Without the images, write out all of the following entries exactly.

SOURCE MATERIAL.
▶

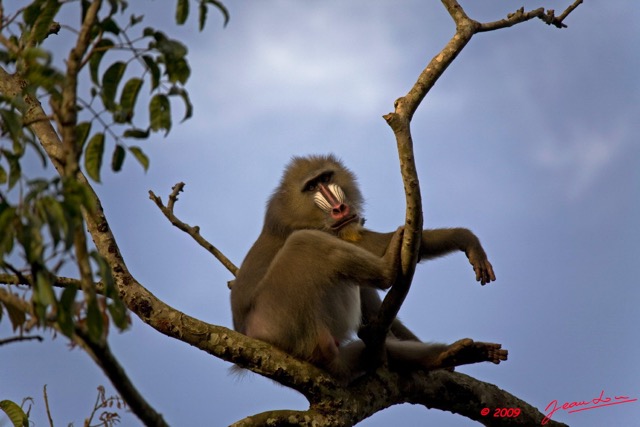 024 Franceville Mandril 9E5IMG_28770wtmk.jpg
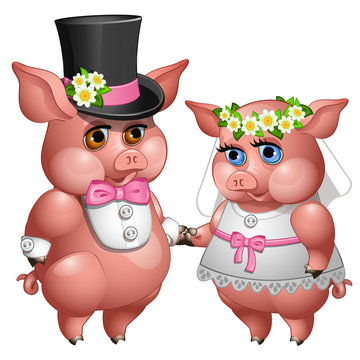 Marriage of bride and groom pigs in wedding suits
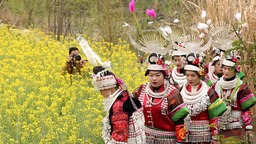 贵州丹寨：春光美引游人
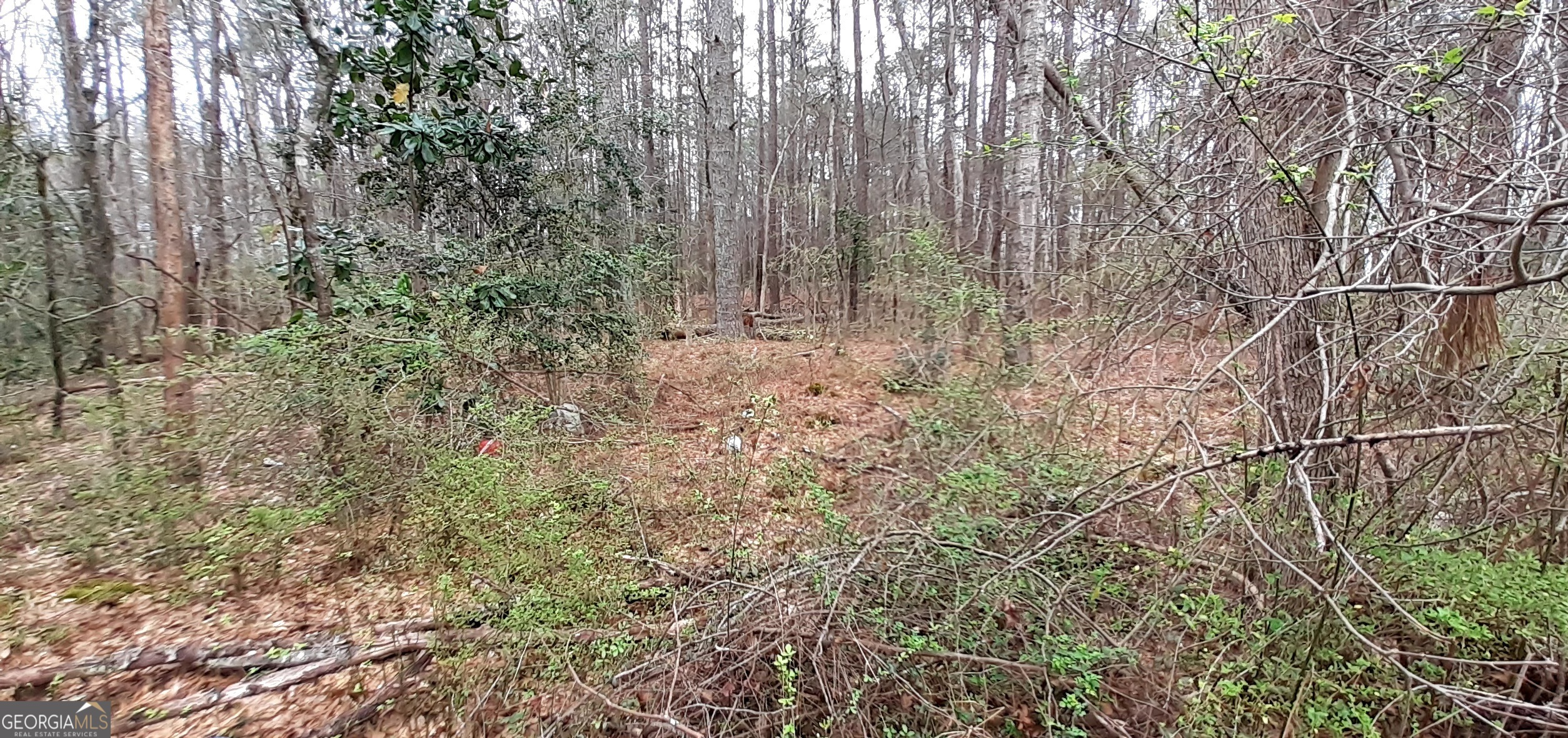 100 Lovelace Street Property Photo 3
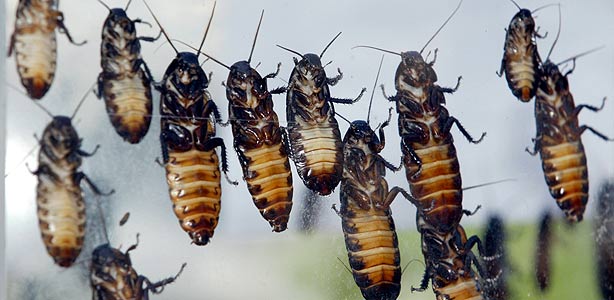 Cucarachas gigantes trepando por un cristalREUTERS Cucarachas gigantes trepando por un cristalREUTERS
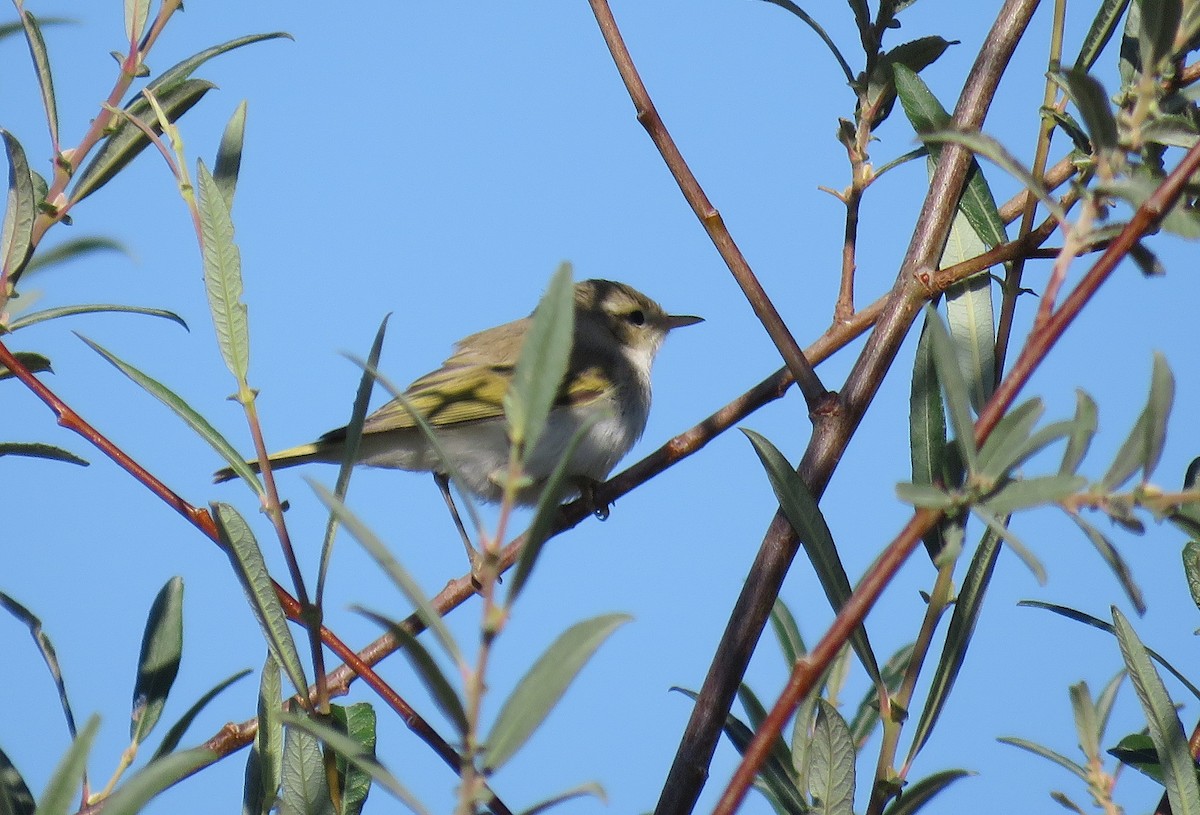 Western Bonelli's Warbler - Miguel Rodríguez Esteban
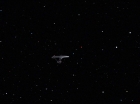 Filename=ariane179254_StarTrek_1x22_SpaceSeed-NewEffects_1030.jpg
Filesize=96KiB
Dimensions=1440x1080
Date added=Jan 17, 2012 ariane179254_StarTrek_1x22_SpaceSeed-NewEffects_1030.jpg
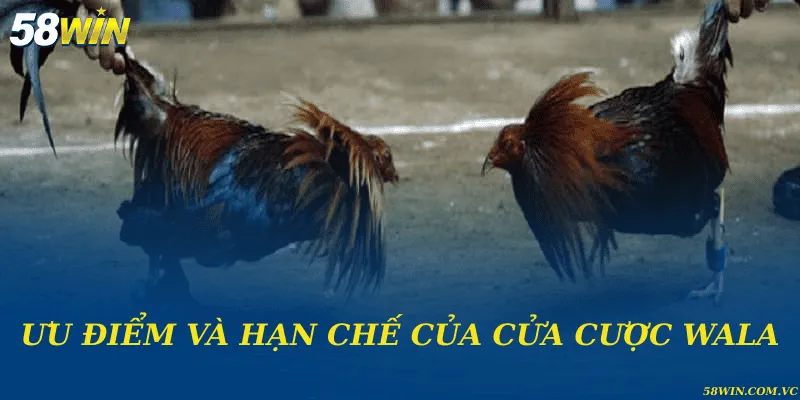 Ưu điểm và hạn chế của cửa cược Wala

◀

EXERCISE RESULT.
 024 Franceville Mandril 9E5IMG_28770wtmk.jpg
 Marriage of bride and groom pigs in wedding suits
 贵州丹寨：春光美引游人
 100 Lovelace Street Property Photo 3
 Cucarachas gigantes trepando por un cristalREUTERS Cucarachas gigantes trepando por un cristalREUTERS
 Western Bonelli's Warbler - Miguel Rodríguez Esteban
 Filename=ariane179254_StarTrek_1x22_SpaceSeed-NewEffects_1030.jpg
Filesize=96KiB
Dimensions=1440x1080
Date added=Jan 17, 2012 ariane179254_StarTrek_1x22_SpaceSeed-NewEffects_1030.jpg
 Ưu điểm và hạn chế của cửa cược Wala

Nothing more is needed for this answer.